Dabei ist die Telekom nicht nur selbst Anbieter von Filmen und Serien,
sondern auch der wichtigste Transporteur der Inhalte. Mehr als 40 Prozent
aller Breitbandanschlüsse in Deutschland, über die Filme hauptsächlich
abgerufen werden, sind Telekom-Anschlüsse.
Zum Vergleich: Wenn eine Sendergruppe über einen Zuschaueranteil von mehr
als 30 Prozent verfügt, muss die Kek, die Kommission zur Ermittlung der
Konzentration im Medienbereich, tätig werden, um die Meinungsvielfalt zu
sichern. Und so beschwert sich der Kek-Vorsitzende Georgios Gounalakis:
„Das derzeitige Rundfunkkonzentrationsrecht läuft bei der Beurteilung
crossmedialer Sachverhalte weitgehend leer.“
## Veralteter Rundfunkbegriff
Heißt: Es ist einfach nicht darauf ausgelegt, Anbieter mit nonlinearen
Fernsehinhalten zu kontrollieren.
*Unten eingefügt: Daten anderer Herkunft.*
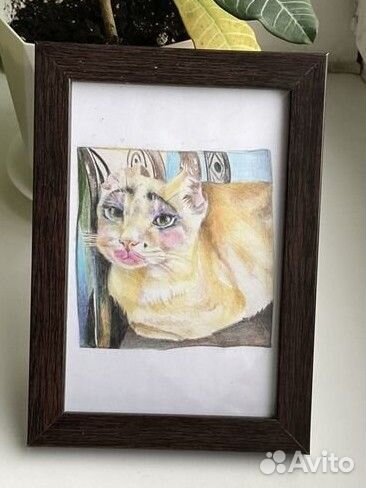Кошка- мем. Картина цветными карандашами в рамке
Eine Megafusion von – zum Beispiel – der
britischen Vodafone und dem US-Medienunternehmen Liberty, über die zurzeit
spekuliert wird, könnte nach aktuellem Stand nicht reguliert werden. Oder
auch, wenn etwa Amazon und Netflix ein gemeinsames Videoportal gründeten.
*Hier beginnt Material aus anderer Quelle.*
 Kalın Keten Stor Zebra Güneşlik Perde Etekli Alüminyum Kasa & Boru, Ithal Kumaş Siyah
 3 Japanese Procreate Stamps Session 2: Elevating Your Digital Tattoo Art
Und ebenso die aktuellen und künftigen Aktivitäten der Telekom als
Bewegtbildanbieter.
„Das ist keine Situation, die man so belassen sollte“, mahnt der
Kommunikationswissenschaftler und ehemalige Chef der
nordrhein-westfälischen Landesmedienanstalt, Jürgen Brautmeier, „das Recht
ist veraltet, der alte Rundfunkbegriff passt nicht mehr und auch von
Verbreitungswegen unabhängige, virtuelle Plattformen müssen betrachtet
werden.“
Er und andere Experten fordern eine Neufassung des veralteten
Rundfunkbegriffs: Nicht die Technologie, über die Inhalte ausgeliefert
werden, sondern die Qualität der Inhalte und ihre Relevanz für die
Meinungsvielfalt sollen als Maßstab für die Bewertung, was Rundfunk ist und
was nicht, gelten. Dass der Staat an einem Telekommunikationskonzern
beteiligt ist, macht für Brautmeier keinen Sinn mehr.
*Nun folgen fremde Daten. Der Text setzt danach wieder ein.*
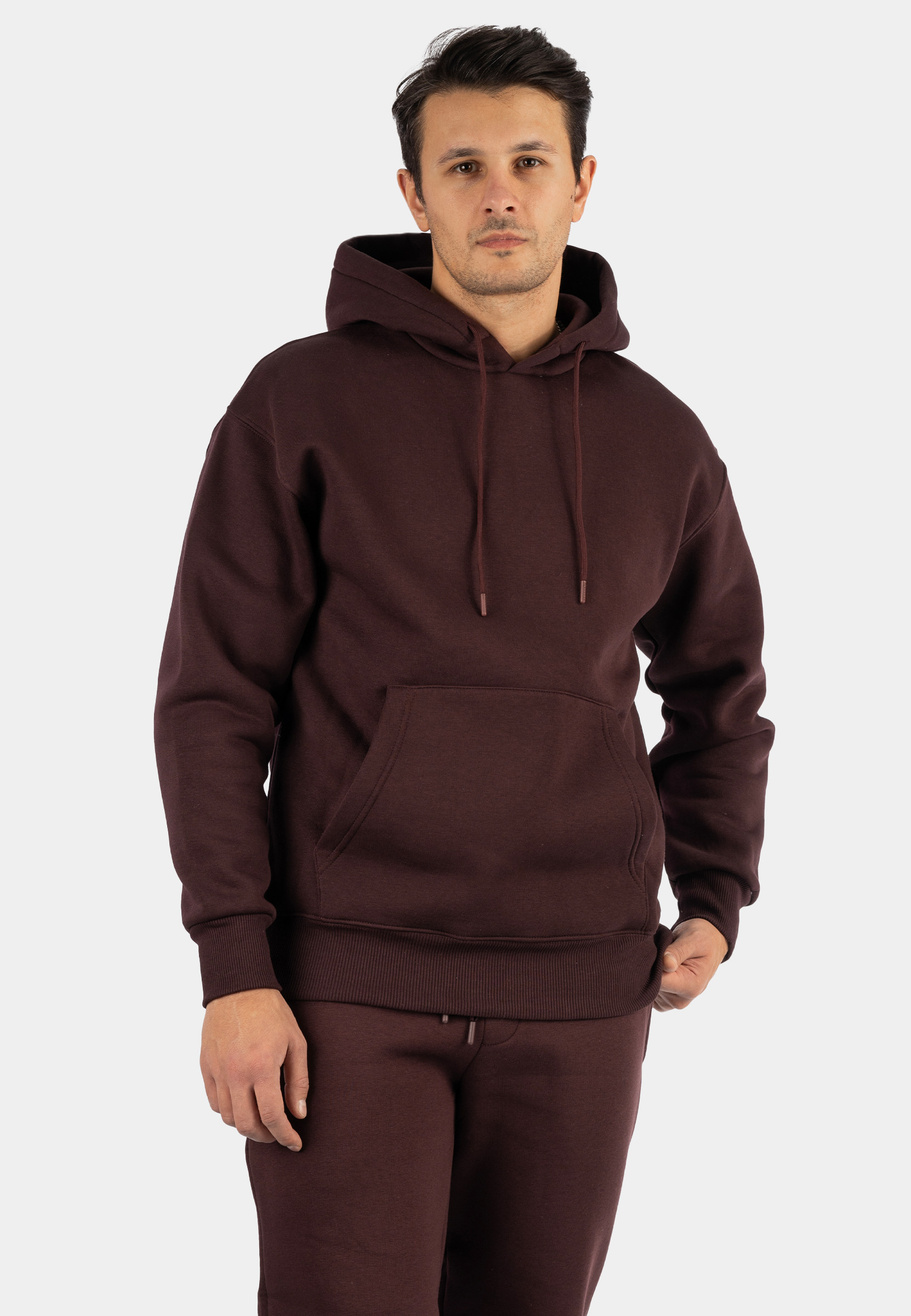 Komplet Dresowy Męski Ocieplany Bluza z kapturem Dresy Basic Bordowy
## Historisches Verständnis
Und das nicht nur aus Wettbewerbsgründen, sondern eben auch aus einem
historischen Verständnis heraus: „Was wir in anderen Ländern erleben,
zeigt, wie schnell sich die politischen Verhältnisse ändern können und wie
schnell ein unguter staatlicher Einfluss entstehen kann. Da sollte uns die
Geschichte eine Lehre sein.“
Beim Finanzministerium, das für die Anteile des Bundes zuständig ist, heißt
es dagegen: „Als Minderheitsaktionär hat der Bund wie alle Aktionäre der
Deutschen Telekom AG gemäß dem aktienrechtlichen Kompetenzgefüge keine
Einwirkungs- und Kontrollmöglichkeiten auf das operative Geschäft des
Unternehmens.“
Das operative Geschäft des Unternehmens und damit auch die inhaltliche
Gestaltung von Content-Angeboten liege, so die die Auskunft eines
Pressesprechers, in der alleinigen Verantwortung des Vorstandes. Der
Vorstand sei gemäß Aktienrecht einzig dem Unternehmensinteresse
verpflichtet. Kontrolliert wird der Vorstand allerdings vom Aufsichtsrat,
in dem unter anderem Finanzstaatssekretär Johannes Geismann sitzt.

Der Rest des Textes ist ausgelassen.